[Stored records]
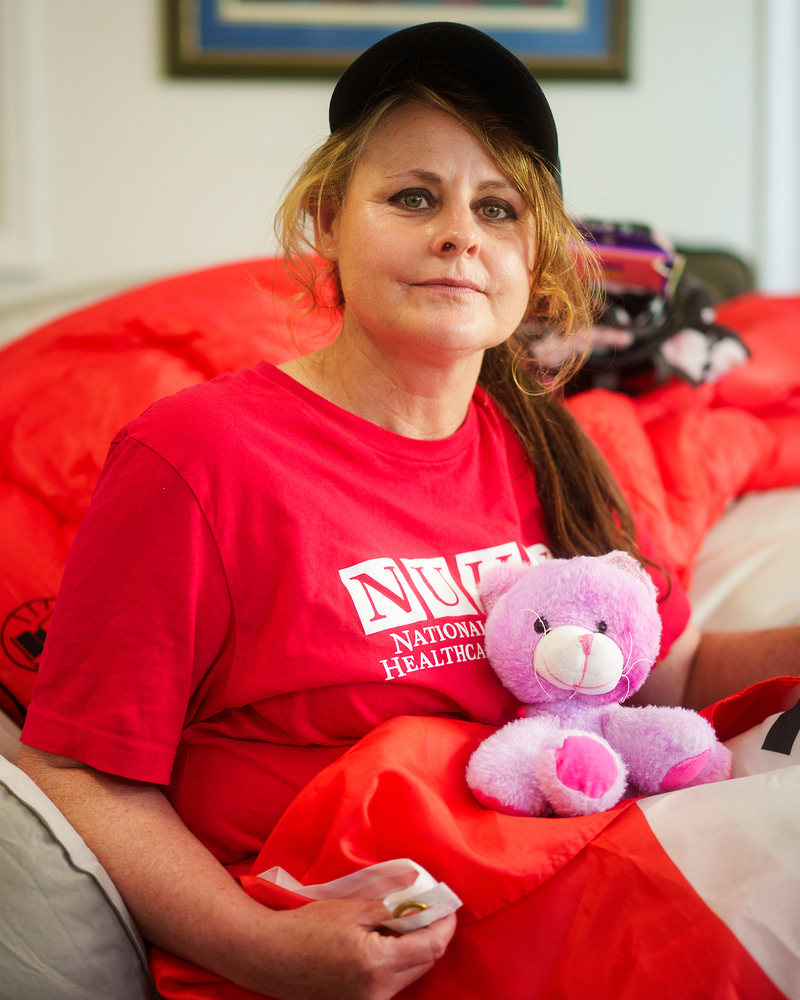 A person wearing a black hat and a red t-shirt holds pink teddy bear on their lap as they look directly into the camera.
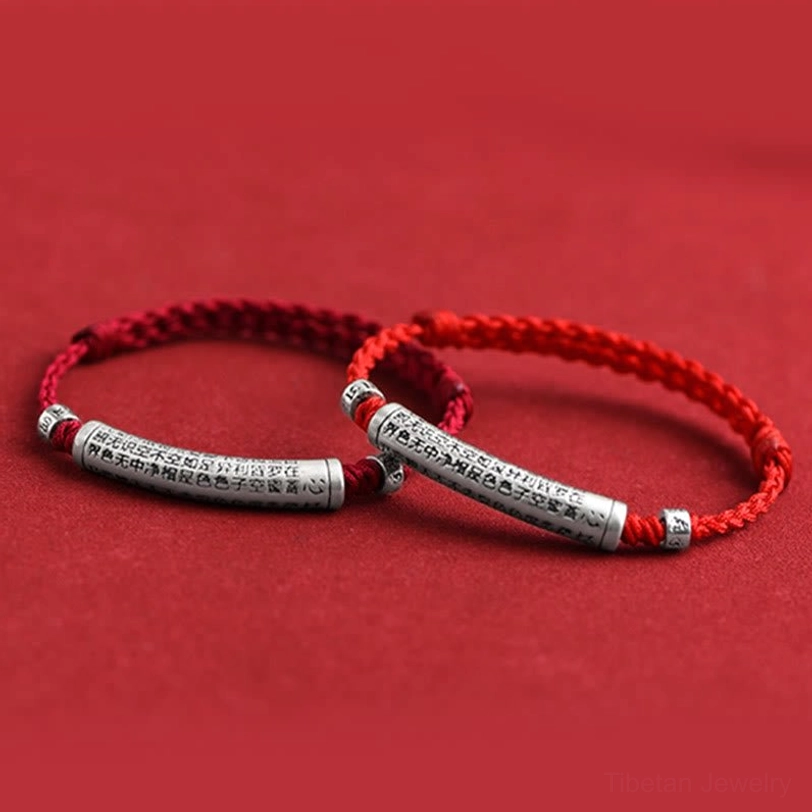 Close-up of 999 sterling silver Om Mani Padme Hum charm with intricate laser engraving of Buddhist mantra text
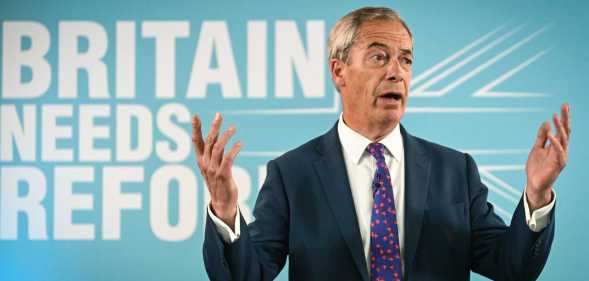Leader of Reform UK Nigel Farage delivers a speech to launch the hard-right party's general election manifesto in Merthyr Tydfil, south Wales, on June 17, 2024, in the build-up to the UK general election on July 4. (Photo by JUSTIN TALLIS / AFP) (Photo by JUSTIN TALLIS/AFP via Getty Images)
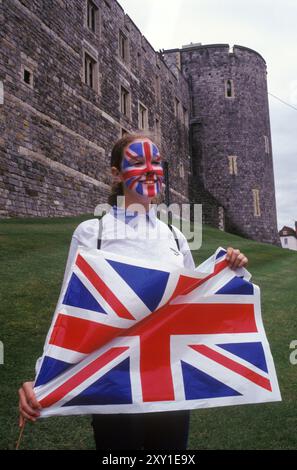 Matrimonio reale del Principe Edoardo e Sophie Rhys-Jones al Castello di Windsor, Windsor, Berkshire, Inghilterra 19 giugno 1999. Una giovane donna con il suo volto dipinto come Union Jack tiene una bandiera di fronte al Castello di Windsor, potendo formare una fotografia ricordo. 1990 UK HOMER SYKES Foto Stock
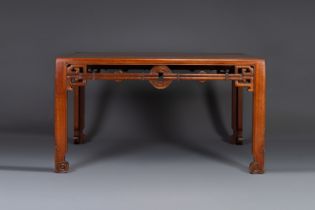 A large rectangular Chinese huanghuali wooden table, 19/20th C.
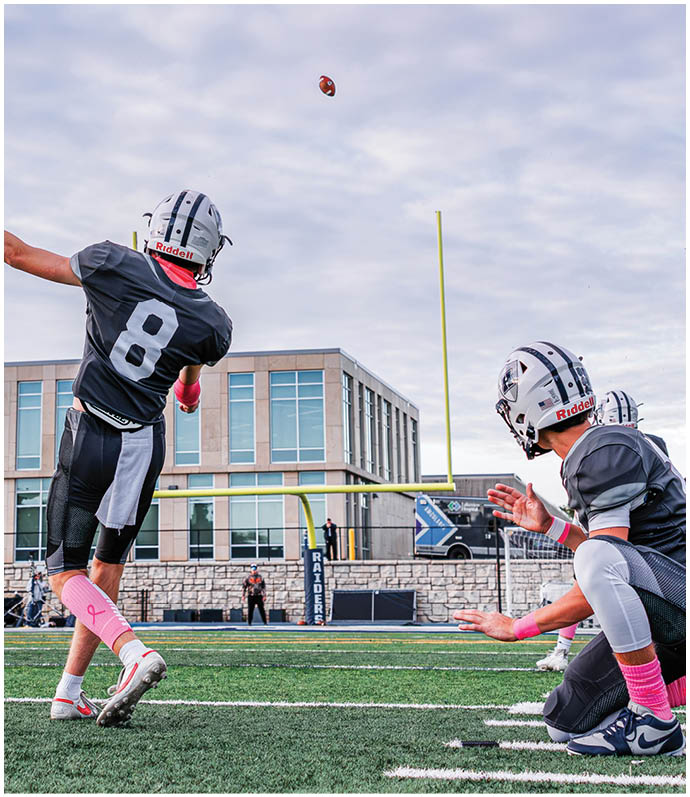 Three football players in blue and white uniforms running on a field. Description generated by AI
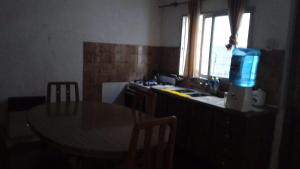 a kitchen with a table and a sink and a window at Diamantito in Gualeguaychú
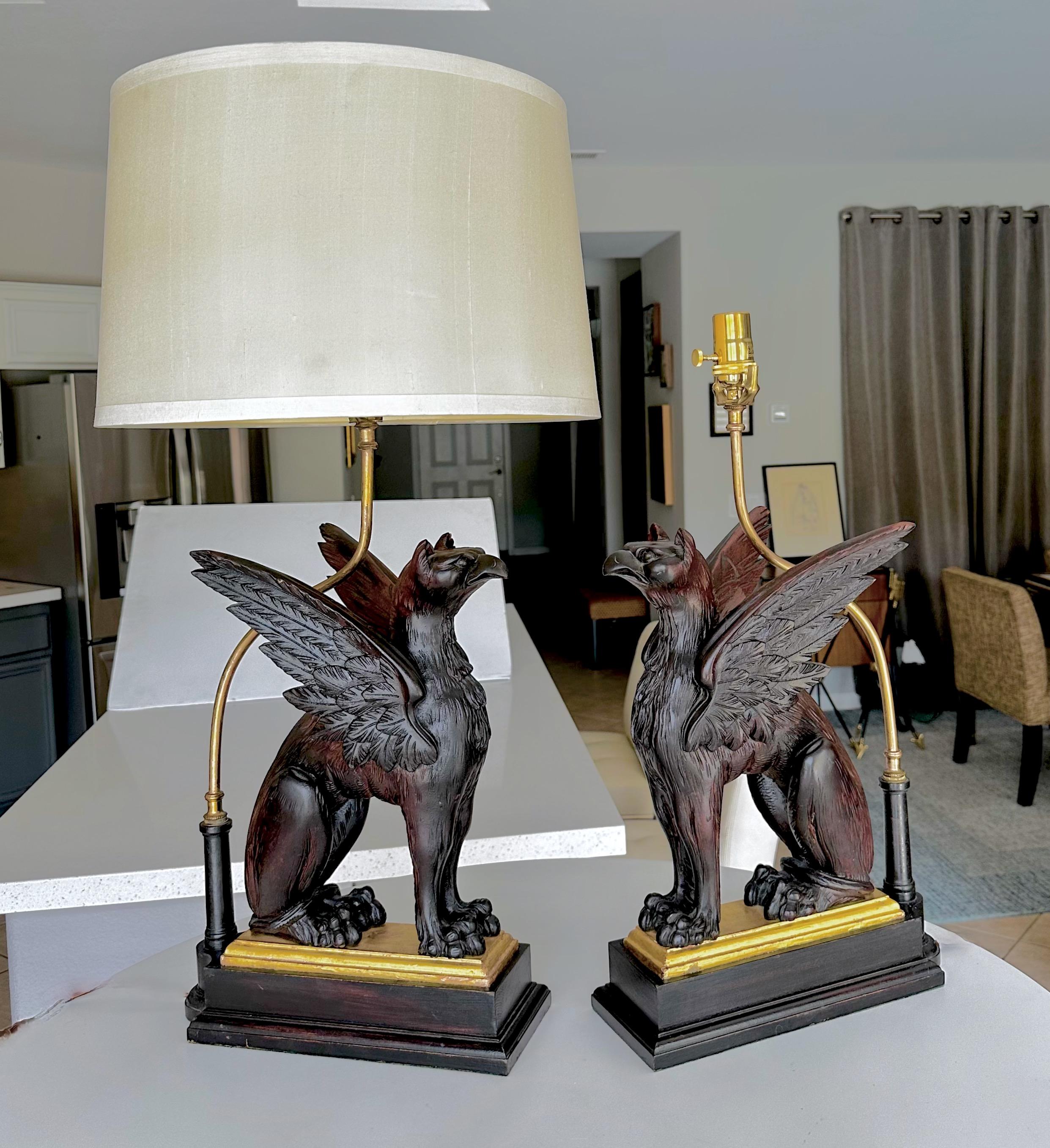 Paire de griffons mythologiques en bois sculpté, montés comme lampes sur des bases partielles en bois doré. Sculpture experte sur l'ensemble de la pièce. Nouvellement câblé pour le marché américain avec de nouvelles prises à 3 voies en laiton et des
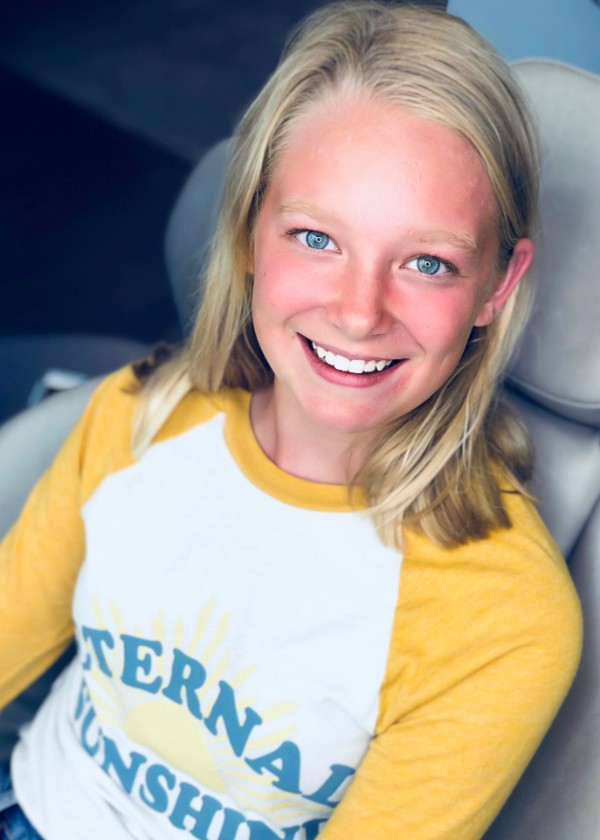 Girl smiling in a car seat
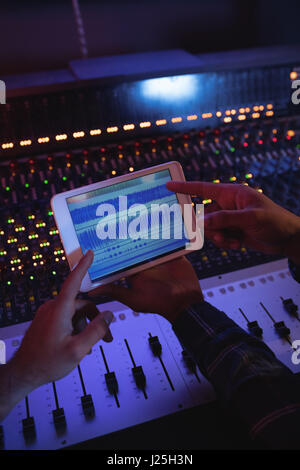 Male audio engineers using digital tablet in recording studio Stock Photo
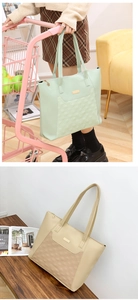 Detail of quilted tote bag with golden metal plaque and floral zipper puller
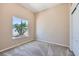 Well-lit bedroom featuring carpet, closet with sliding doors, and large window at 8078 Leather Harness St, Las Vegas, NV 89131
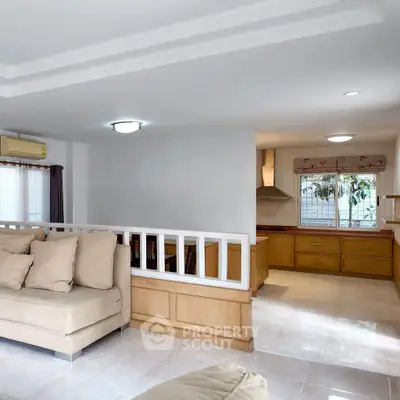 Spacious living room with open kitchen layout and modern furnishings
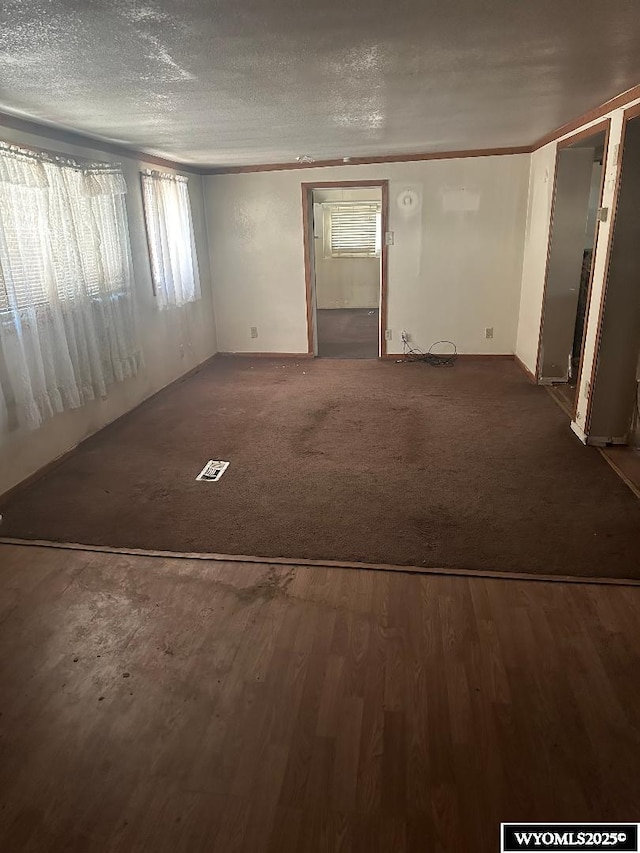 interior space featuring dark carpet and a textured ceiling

◆ Action item ◆
Copy the entries above exactly, but only the stretch from the line containing "Close-up of 999" through the line containing "a kitchen with". Keep both end lines; drop the pictures.

◆ Response area ◆
 Close-up of 999 sterling silver Om Mani Padme Hum charm with intricate laser engraving of Buddhist mantra text
Leader of Reform UK Nigel Farage delivers a speech to launch the hard-right party's general election manifesto in Merthyr Tydfil, south Wales, on June 17, 2024, in the build-up to the UK general election on July 4. (Photo by JUSTIN TALLIS / AFP) (Photo by JUSTIN TALLIS/AFP via Getty Images)
 Matrimonio reale del Principe Edoardo e Sophie Rhys-Jones al Castello di Windsor, Windsor, Berkshire, Inghilterra 19 giugno 1999. Una giovane donna con il suo volto dipinto come Union Jack tiene una bandiera di fronte al Castello di Windsor, potendo formare una fotografia ricordo. 1990 UK HOMER SYKES Foto Stock
 A large rectangular Chinese huanghuali wooden table, 19/20th C.
 Three football players in blue and white uniforms running on a field. Description generated by AI
 a kitchen with a table and a sink and a window at Diamantito in Gualeguaychú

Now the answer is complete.